Usually a simple web search finds the question and answer I'm looking for. I'm
pretty blown away by the sheer volume of good info on PHP.

Python is my second choice. There's a lot that I prefer of it, over PHP, but I
find that in general its hurdles are higher.

Having developed many industrial-strength apps using less-capable languages,
I'm confident I can do the same in PHP.

------
27182818284
I feel like it is pretty unusual these days to hear about a company moving
_to_ PHP from some other language. On the other hand, you often here about a
company switching or adding one of the other languages you mentioned to their
company's stack

------
andrewhillman
Another benefit... it's fairly easy to find a php contractor for any portion
of your project that you want to outsource.

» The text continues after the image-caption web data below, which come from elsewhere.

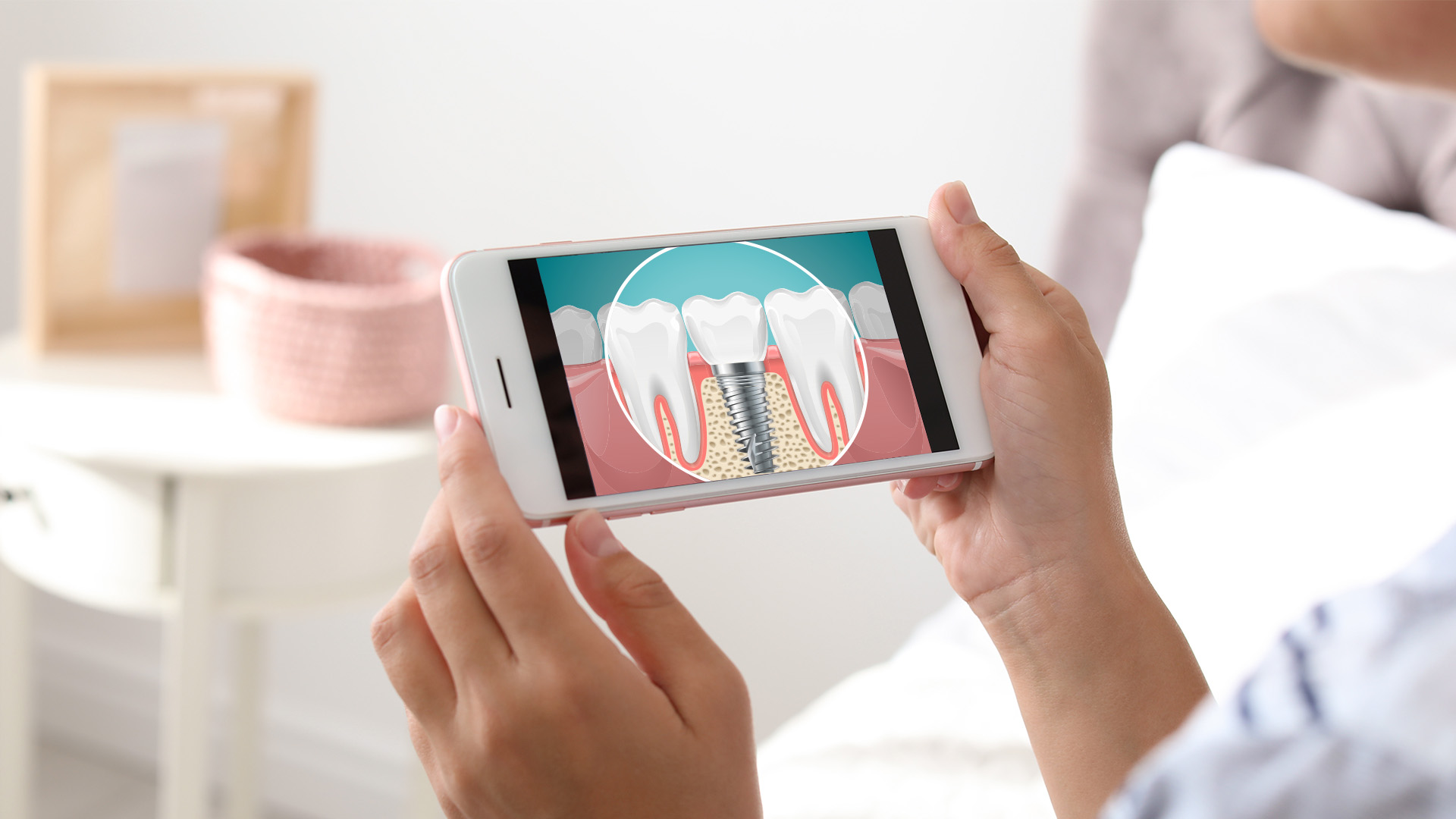 Person holding smartphone displaying dental implant simulation.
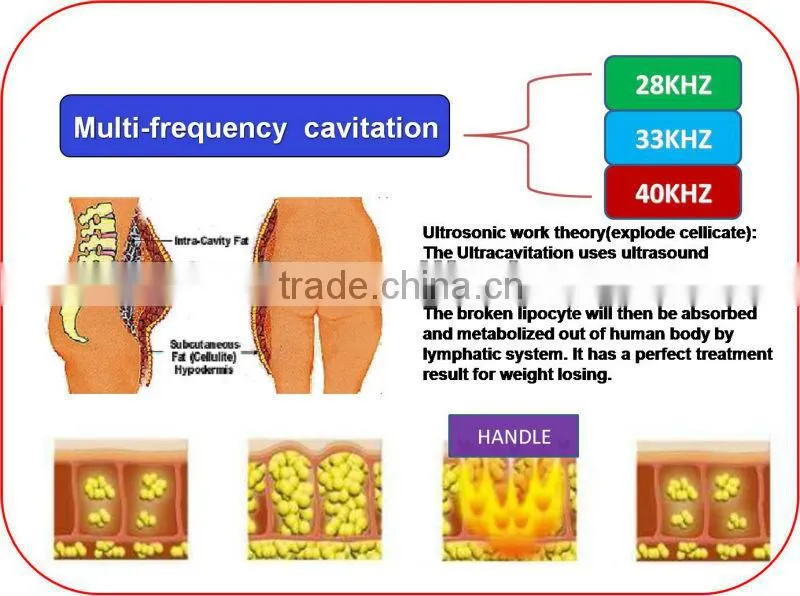 mini liposuction cavitation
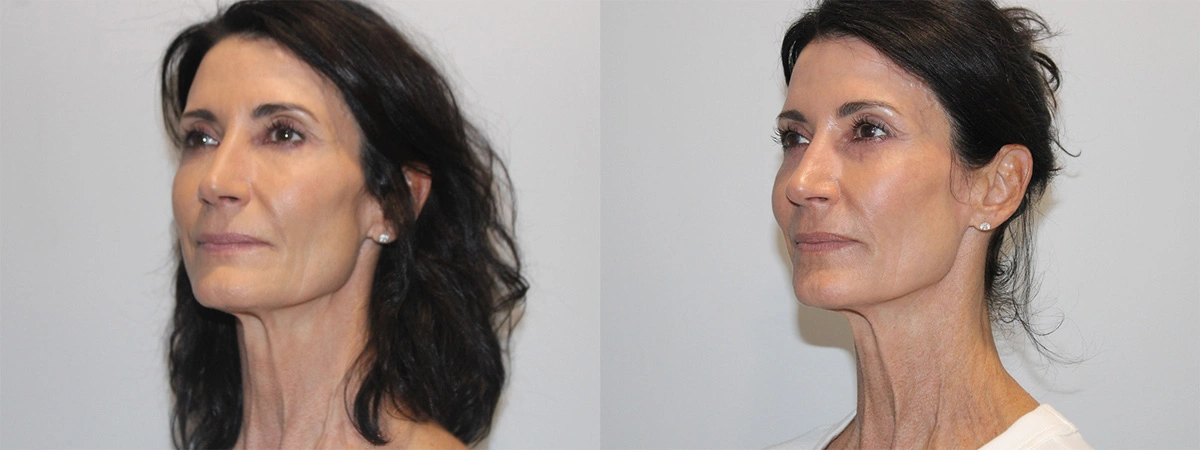 Before and After Plastic Surgery Results | CraftMD Scottsdale & Phoenix, AZ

The cost for a php contractor is
relatively inexpensive compared to contractors for other languages.

------
Rust
Requisite link to <http://appwithphp.com/> \- some basic minimal knowledge and
stuff to make sure what you write is written as right as possible :)

------
glimcat
<?php include("header.php"); ?>

Between the above and the huge range of existing PHP projects, I always
install PHP regardless of what else I'm using.

------
gopi
In my opinion the great benefit of PHP especially for non-coder founders is
the big offshore talent pool.

------
rmATinnovafy
The tool does not define the problem. It goes the other way around.